MG : On est en train d’attirer des investisseurs sur des terres soi-disant marginalisées alors que des exploitants familiaux sont à la recherche d’espaces additionnels pour mieux produire. Par exemple à l’office du Niger au Mali, une étude sur plus de 3000 exploitations a démontré qu’environ 56% des exploitants familiaux disposent de moins de 3 ha. L’étude démontre également que le seuil de rentabilité pour un ménage de huit personnes est justement de 3 ha. Au dessous, vous ne pouvez pas produire suffisamment pour nourrir la famille, vendre un petit surplus pour payer les services sociaux de base (eau, éducation, santé etc.). Les exploitants familiaux ont besoin de terres supplémentaires. Ce n’est pas parce qu’on parle de « petits agriculteurs » qu’il faut les confiner dans des petites superficies qui ne permettent même pas de nourrir leur famille.

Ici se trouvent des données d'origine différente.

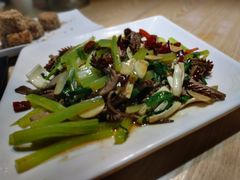 -三猫黑鱼花(南大店)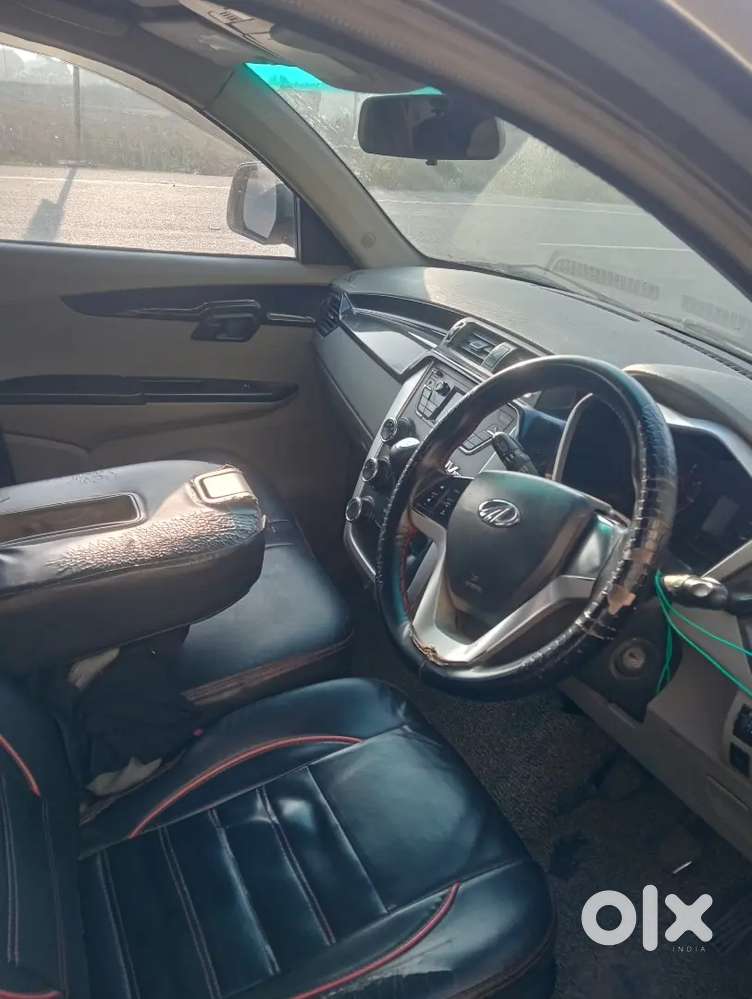 Mahindra Kuv 100 2016 Diesel 50000 Km Driven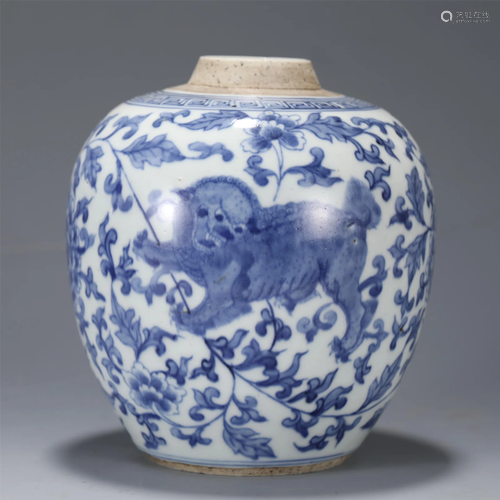 A BLUE AND WHITE FO DOG JAR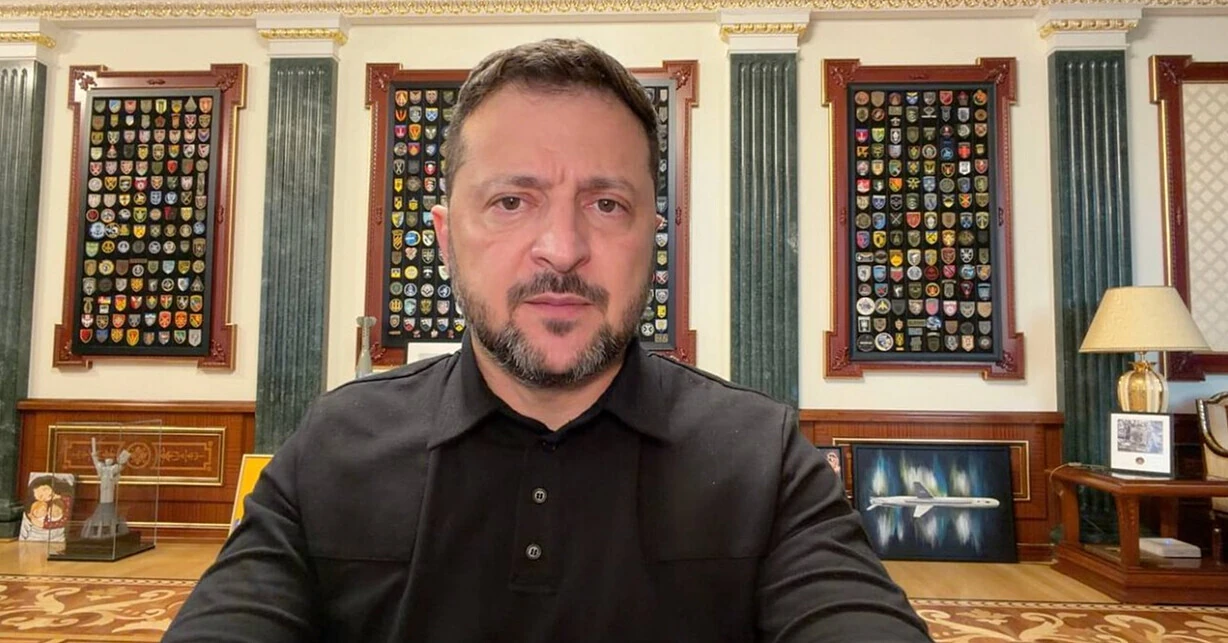 Зеленський заявив про перші відмови авіакомпаній літати до Росії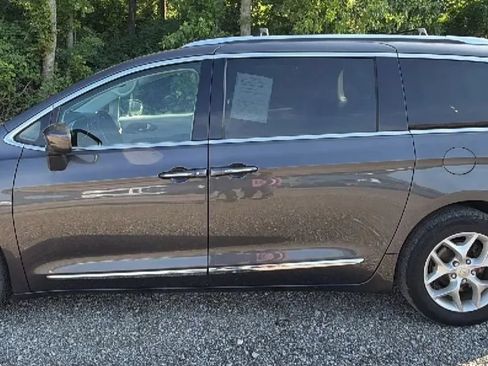Used 2018 Chrysler Pacifica Touring-L w/ Tire & Wheel Group FWD image 1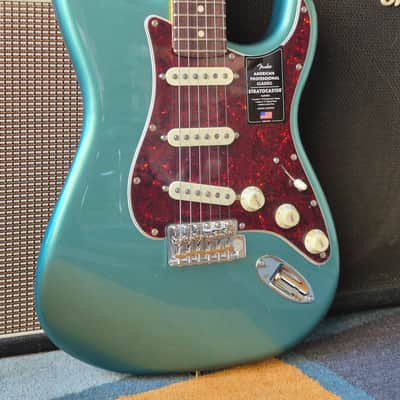 Fender American Professional Classic Stratocaster 2025 - Faded Sherwood Green Metallic image 3
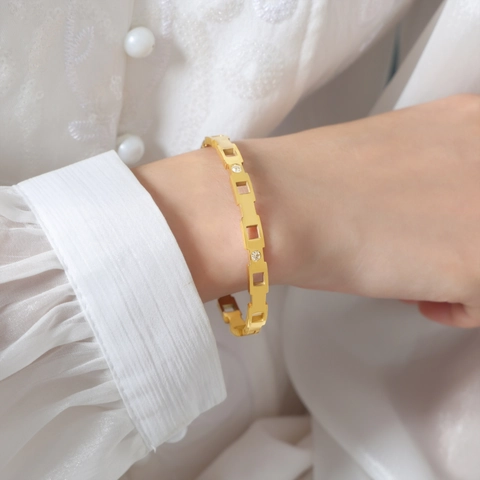 Minimalist Stainless Steel Bangle Women 18K Gold Plated Geometric Hollow Square Bracelet Inlaid Zircon French Luxury Jewelry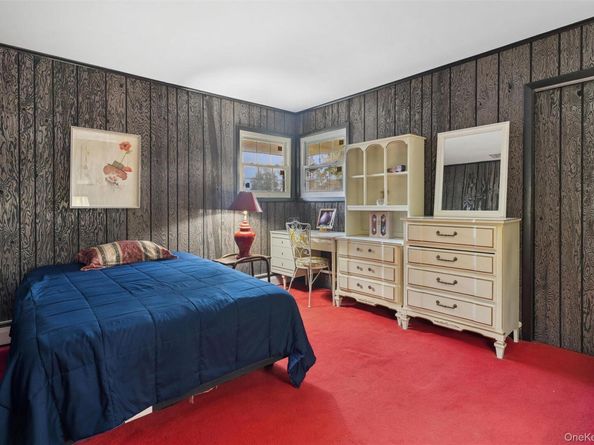 60 Catherine Street, Valley Stream NY 11581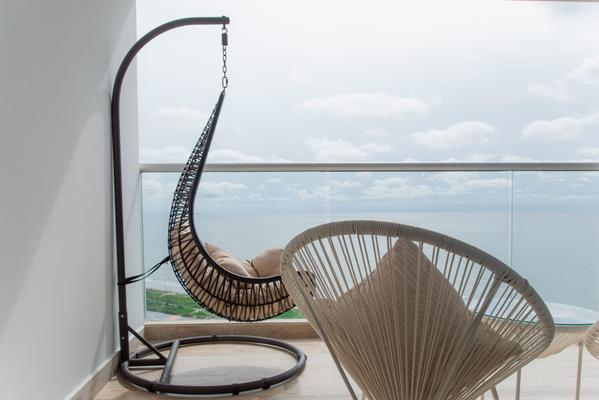 Spectacular Loft w/ Balcony in Crespo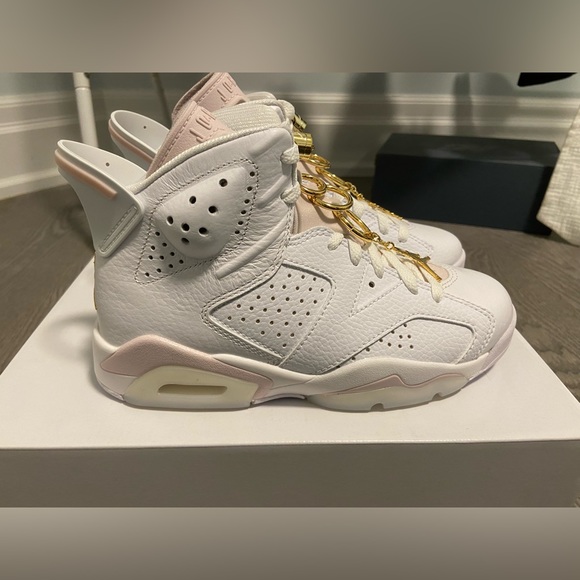 AIR JORDAN 6 GOLD HOOPS NEVER WORN - Picture 2 of 8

GDS : Que pensez-vous de la contractualisation ? Y a-t-il des cas où les investissements étrangers sont bénéfiques pour les exploitants familiaux ?

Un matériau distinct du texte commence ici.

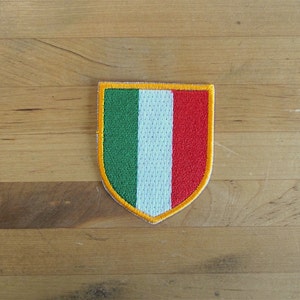 パッチ パッチ 刺繍 アイロン 旗 アップリケ ヴィンテージ かわいい ジャケット 縫う バックパック デニム ジャケット ショーツ バイカー スクデット イタリア 旗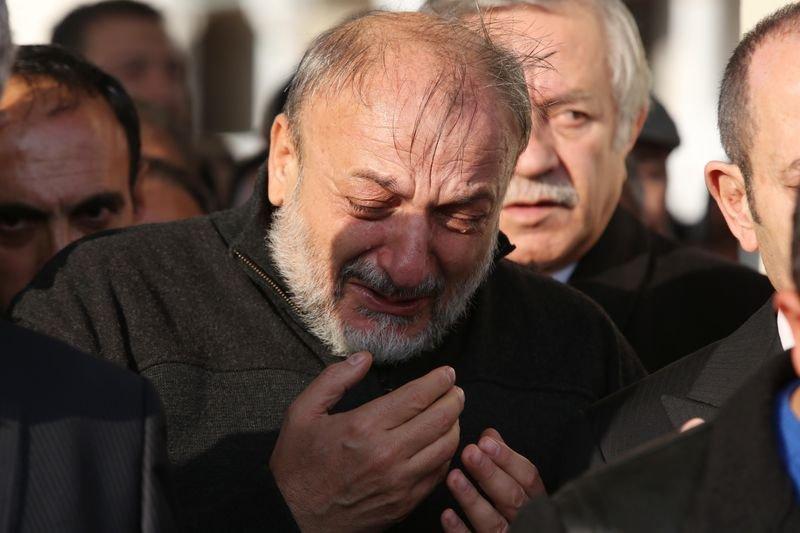 Oktay Vural eşini son yolculuğuna uğurladı - Resim 1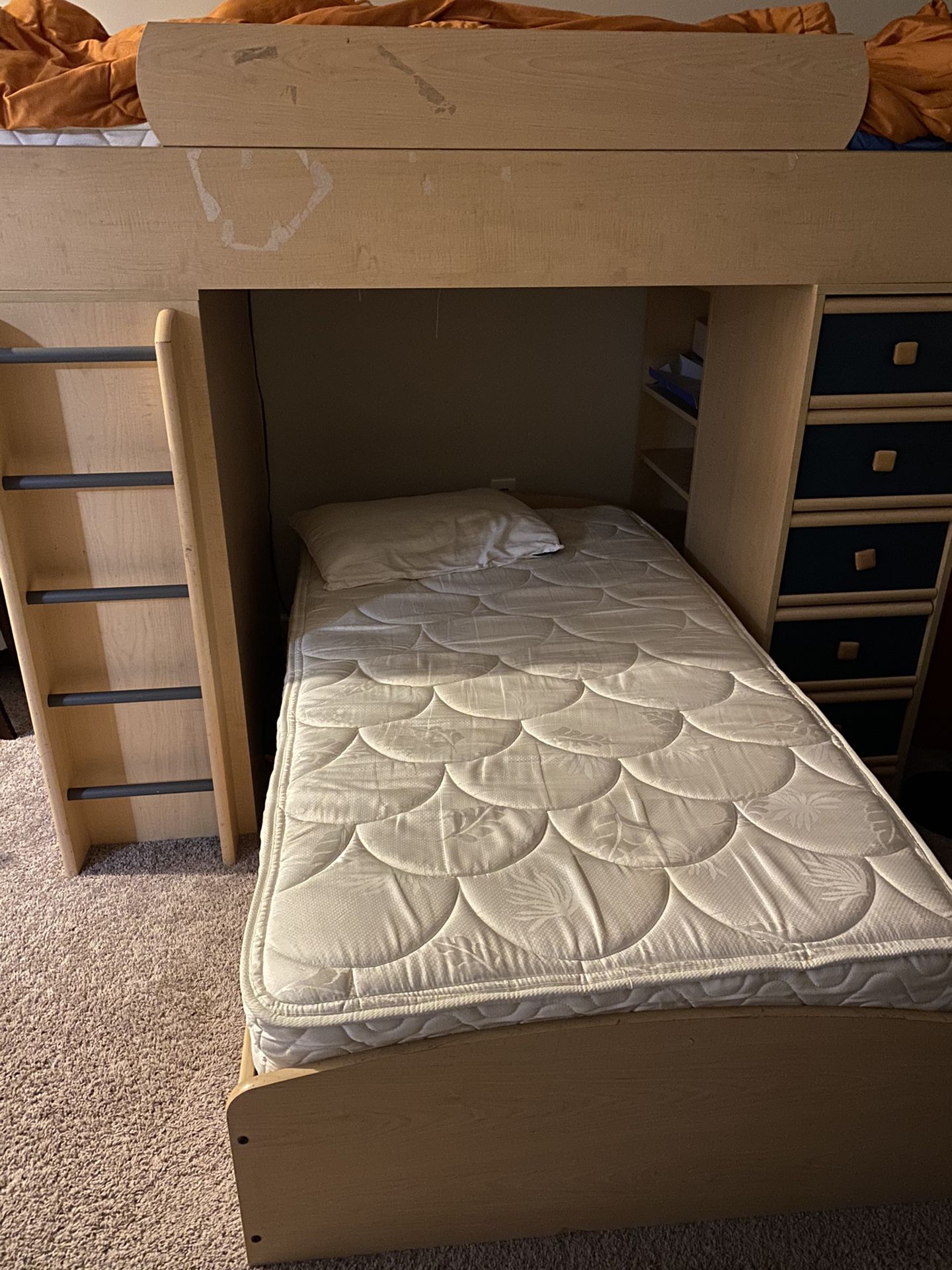 Bunk bed with desk on side. Great for remote learning Free Free Free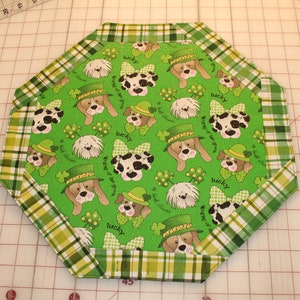 St. Patrick&#39;s Day, Dogs, Table Runner, Table Topper,14 1/2  &quot; X 15 &quot; with batting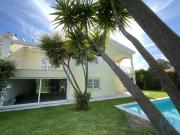 Casa / Villa T5 em Corroios de 180,00 m²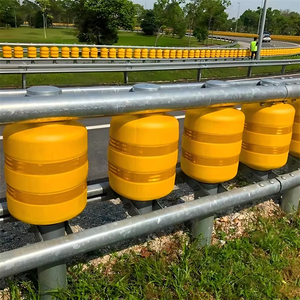 Barrières routières galvanisées à chaud avec bandes réfléchissantes pour le dérivation temporaire du trafic et la sécurité - Product Image 5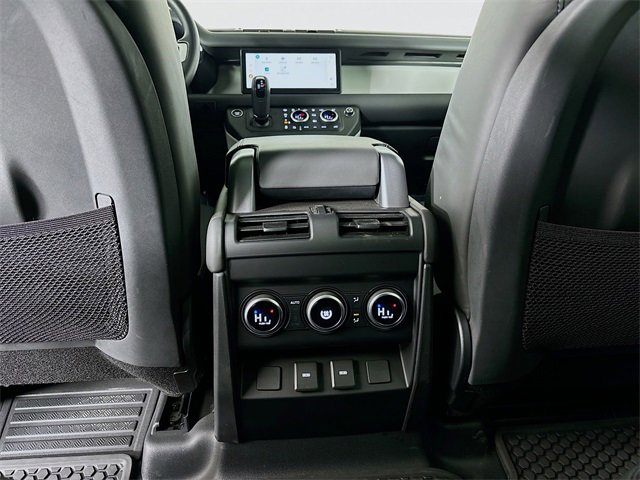 Used 2024 Land Rover Defender 110 X-Dynamic SE image 25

MG : Toute expérience a ses points positifs et ses points négatifs. Il y a des cas où les investisseurs peuvent impulser la création de richesses. Il y a des exploitants qui obtiennent des petits salaires et il existe des cas où des aménagements à petite échelle sont réalisés. Mais quoi qu’on dise, si on parle d’un investisseur privé, qu’il soit national ou international, il recherche le profit. Dès qu’il sent que ce n’est plus rentable, il cesse d’investir. Au Burkina des entreprises ont incité de nombreuses familles à investir sur des champs de jatropha. Aujourd’hui ces familles brûlent le jatropha pour faire autre chose. Selon les dires d’un producteur, avec le jatropha les producteurs gagnent aujourd’hui autour de 4000 à 8000 francs sur une récolte alors qu’ils pourraient gagner 175000 ou 200000 sur la même surface en faisant du maïs avec un bon accompagnement et en suivant l’itinéraire technique. On fait souvent miroiter des choses et in fine les paysans ne s’y retrouvent pas. Après tout, il existe peut-être des exemples bénéfiques pour tout le monde mais je n’en connais pas beaucoup à ce jour au Sahel.
GDS : Comment s’organise la lutte contre l’accaparement des terres ?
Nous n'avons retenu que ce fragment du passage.